Eşeğe Neden Ters Binmiş:

tirnak-sol.gifspacer.giftirnak-sag.gifBir gün Öğretmen, eşeğine binerek , arkasına takılan bir kısım insanlarla birlikte, camiden eve dönerken birdenbire durur, hayvandan iner ve suratı insanlara dönük olarak eşeğe ters biner, yani semere ters oturur. Bunu görenler yaptığı hareketin nedenini sorarlar. Öğretmen şöyle der: -Düşündüm taşındım, eşeğime böyle binmeye karar verdim çünkü hürmetsizliği hiç beğenmem. Siz önüme düşseniz, arkanızı bana dönmüş olacaksınız; kanunsuzluk hürmetsizlik olur. Ben önde gitsem, size arkamı çevirmiş olacağım ki bu da Doğru değildir.

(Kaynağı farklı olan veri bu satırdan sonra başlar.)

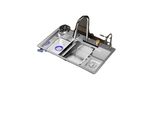 Lavello Da Cucina In Acciaio Inox, Design A Vasca Singola, Struttura Resistente, E9-75X45Cm
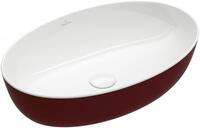 Villeroy & Boch Artis Aufsatzwaschbecken, 610 x 410 x 150 mm, Bordeaux, ohne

Böyle ters bindiğim zaman ise hem ben önünüzden giderim, siz de arkasımdan gelmiş olursunuz; hem de karşı karşıya bulunuruz!

Perdeyi Ben Buldum:

tirnak-sol.gifspacer.giftirnak-sag.gifBir ahbap topluluğunda Öğretmen ’nın eline iş olsun diye bir saz yakalatmışlar: -Hadi bize hoş hoş bir şeyler çal da dinleyelim! Demişler. Öğretmen sazı eline alınca mızrabı bir alt bir yukarıya teller üzerinde gelişigüzel dolaştırmağa ve böylece esrarengiz esrarengiz sesler, gıcırtılar çıkarmağa başlamış: -Aman Öğretmen demişler, saz dediğin böyle mi çalınır? Perdeler üzerinde usuliyle gezinmek gerek . Öğretmen , elindeki sazı dımbırdatmağı sürdürürken: -Onlar perdeyi bulamazlar, aramak için gezinip dururlar. Ben buldum işte. Niçin boşu boşuna gezinip durayım, demiş. Gülmüş.